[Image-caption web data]
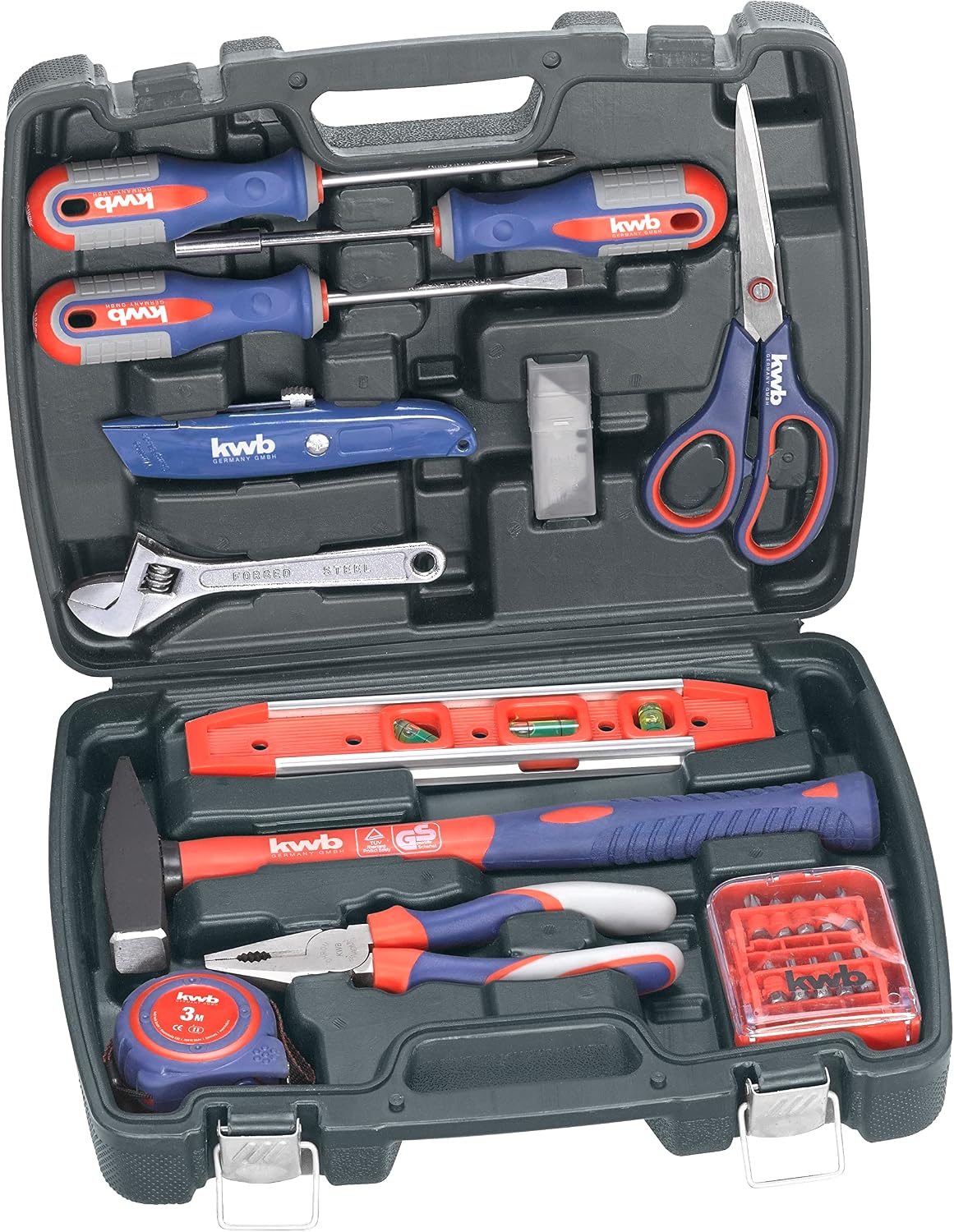 Kwb Mallette à Outils En Plastique Dur Robuste, Y Compris Un Set D'outils De 65 Pièces De Haute Qualité, Constituant L'équipement De Base Parfait Pour Le Ménage, L'atelier Ou L'utilisation Mobile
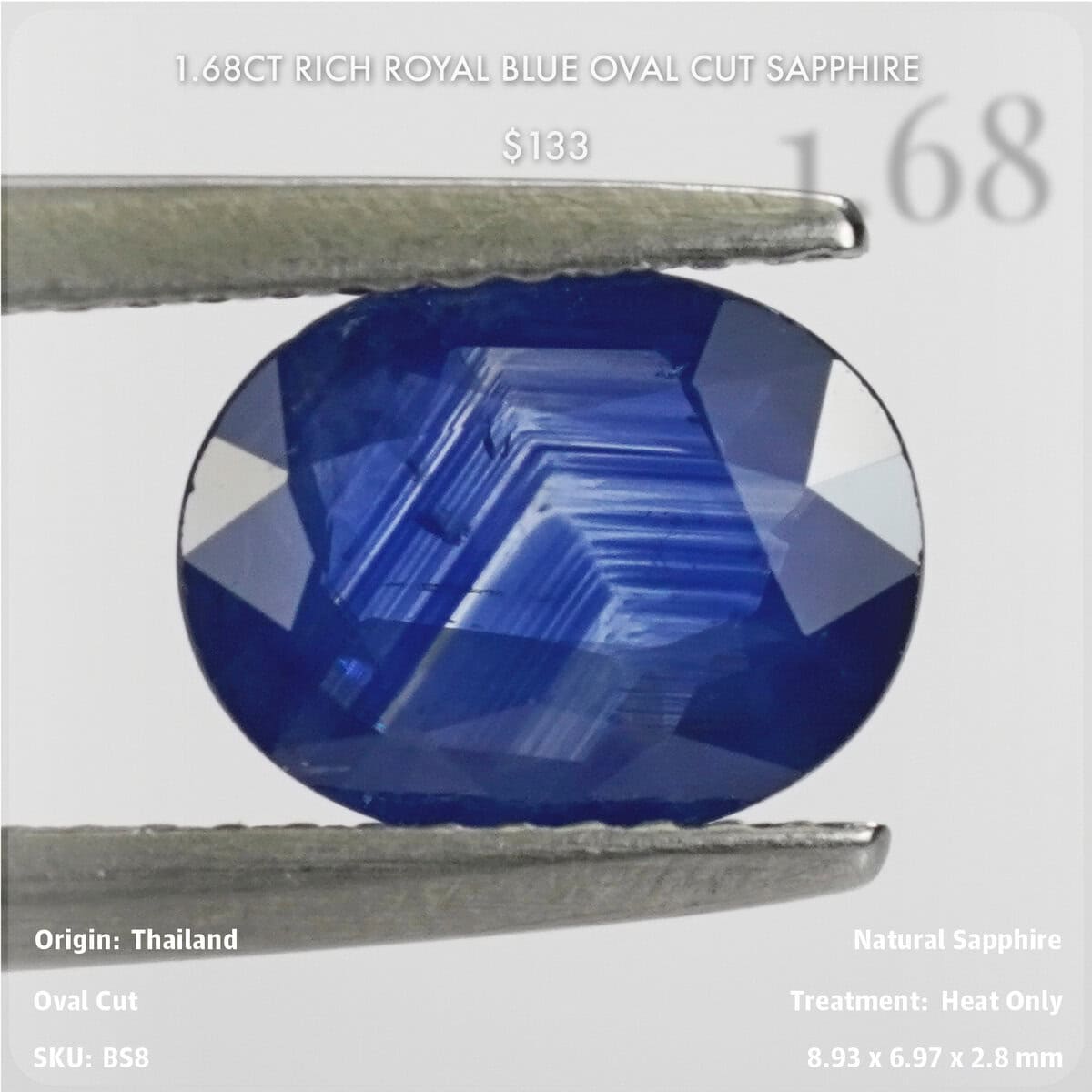 1.68CT Rich Royal Blue Oval Cut Sapphire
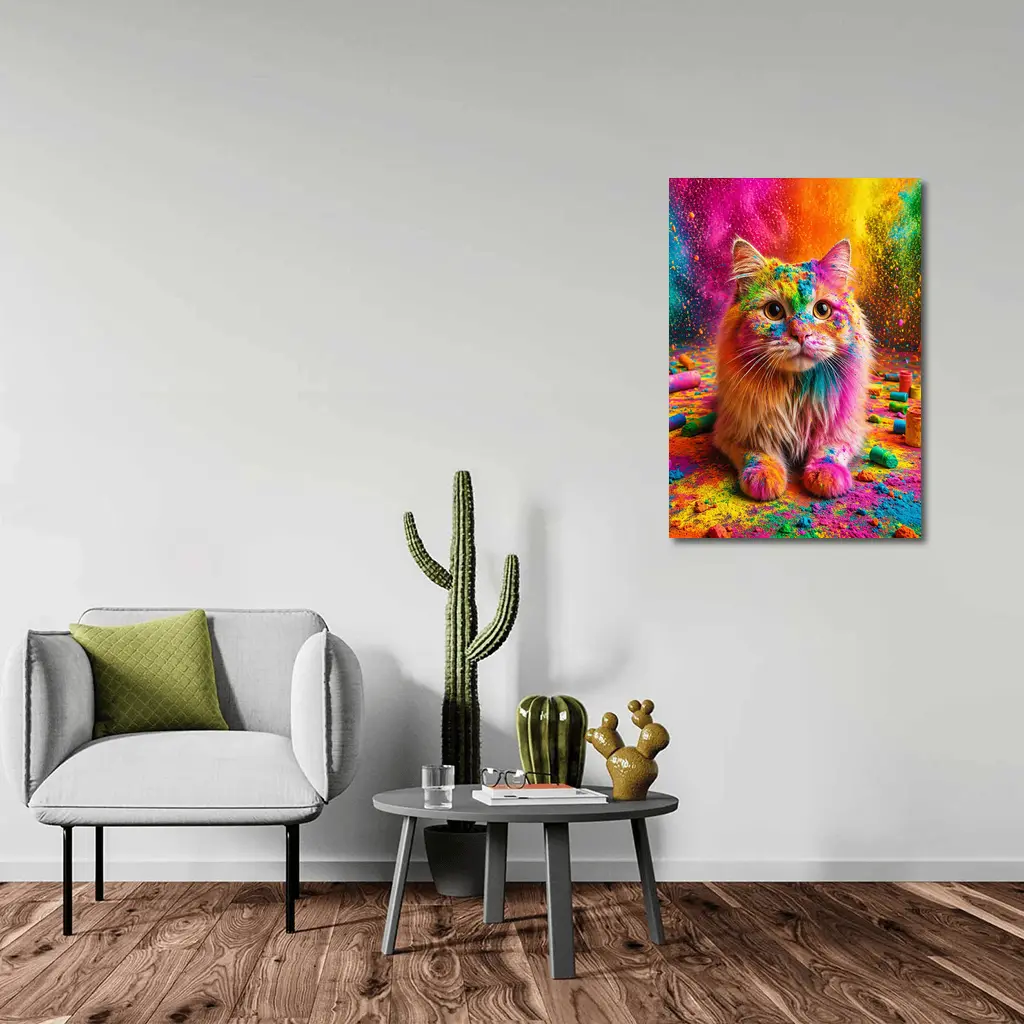 Fluffy Cat Covered In Colorful Holi Powder – Wall Art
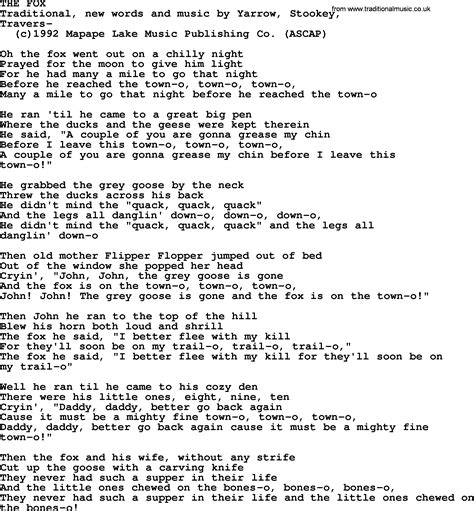 peter paul  mary song  fox lyrics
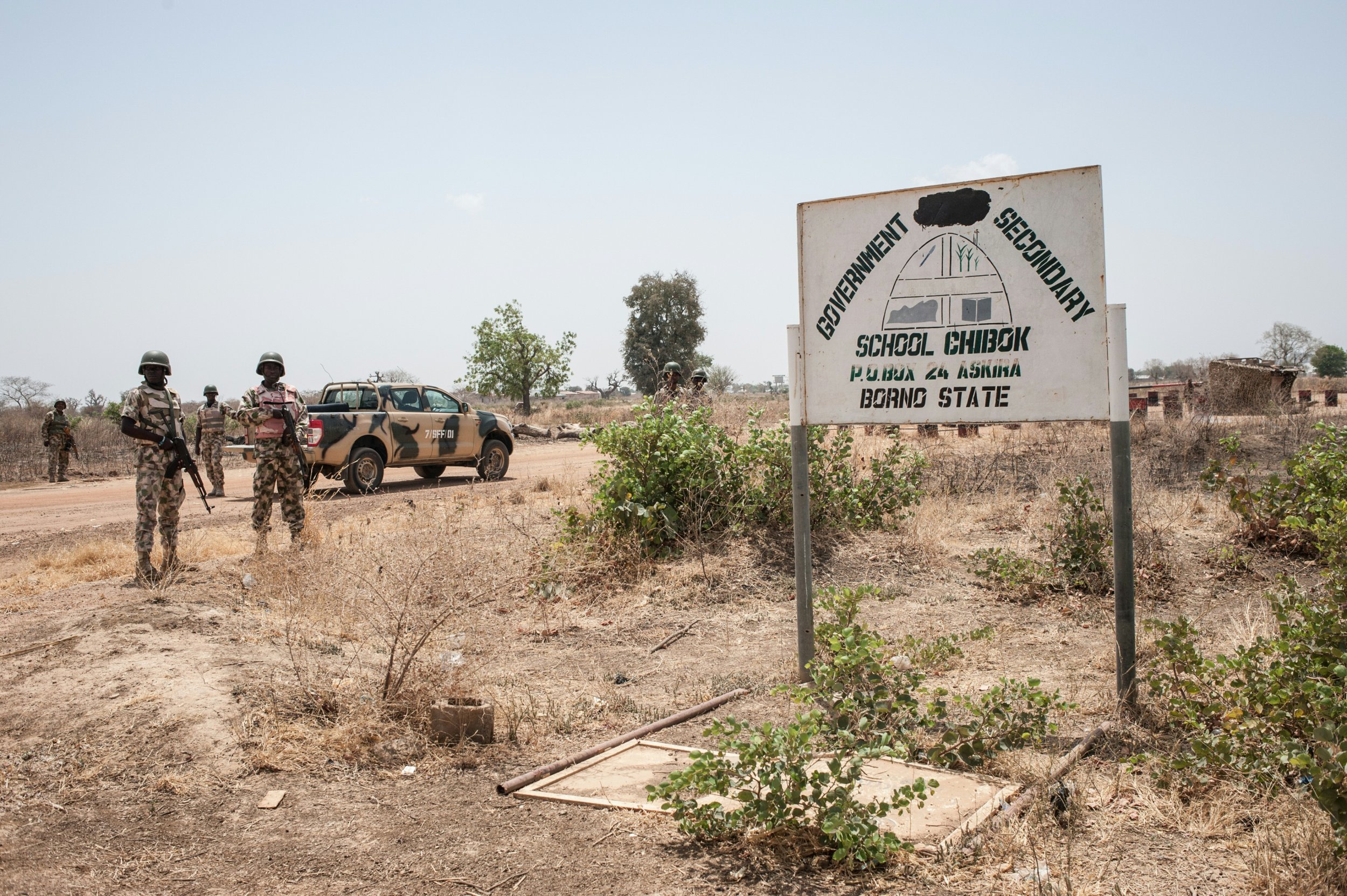 Nigerian soldiers at the Chibok school from where Boko Haram abducted 276 schoolgirls in April 2014.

▶ **YOUR ASSIGNMENT**
Please repeat the entries exactly. Do not include the pictures.

▶ **WRITTEN REPLY**
 Kwb Mallette à Outils En Plastique Dur Robuste, Y Compris Un Set D'outils De 65 Pièces De Haute Qualité, Constituant L'équipement De Base Parfait Pour Le Ménage, L'atelier Ou L'utilisation Mobile
 1.68CT Rich Royal Blue Oval Cut Sapphire
 Fluffy Cat Covered In Colorful Holi Powder – Wall Art
 peter paul  mary song  fox lyrics
 Nigerian soldiers at the Chibok school from where Boko Haram abducted 276 schoolgirls in April 2014.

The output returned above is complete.